-- RECORDS FOR THIS EXERCISE --

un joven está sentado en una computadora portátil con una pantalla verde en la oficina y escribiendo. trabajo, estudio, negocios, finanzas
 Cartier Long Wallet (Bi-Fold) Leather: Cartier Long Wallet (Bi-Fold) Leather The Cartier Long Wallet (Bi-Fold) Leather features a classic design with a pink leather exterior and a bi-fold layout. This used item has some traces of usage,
* * *
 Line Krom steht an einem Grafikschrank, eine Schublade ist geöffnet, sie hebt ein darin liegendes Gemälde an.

-- WORK TO COMPLETE --
Extract exactly and only the lines above from the line containing "un joven está" through the line containing "Cartier Long Wallet (Bi-Fold) Leather: Cartier", both end lines included.

-- SOLUTION TO THIS TASK --
un joven está sentado en una computadora portátil con una pantalla verde en la oficina y escribiendo. trabajo, estudio, negocios, finanzas
 Cartier Long Wallet (Bi-Fold) Leather: Cartier Long Wallet (Bi-Fold) Leather The Cartier Long Wallet (Bi-Fold) Leather features a classic design with a pink leather exterior and a bi-fold layout. This used item has some traces of usage,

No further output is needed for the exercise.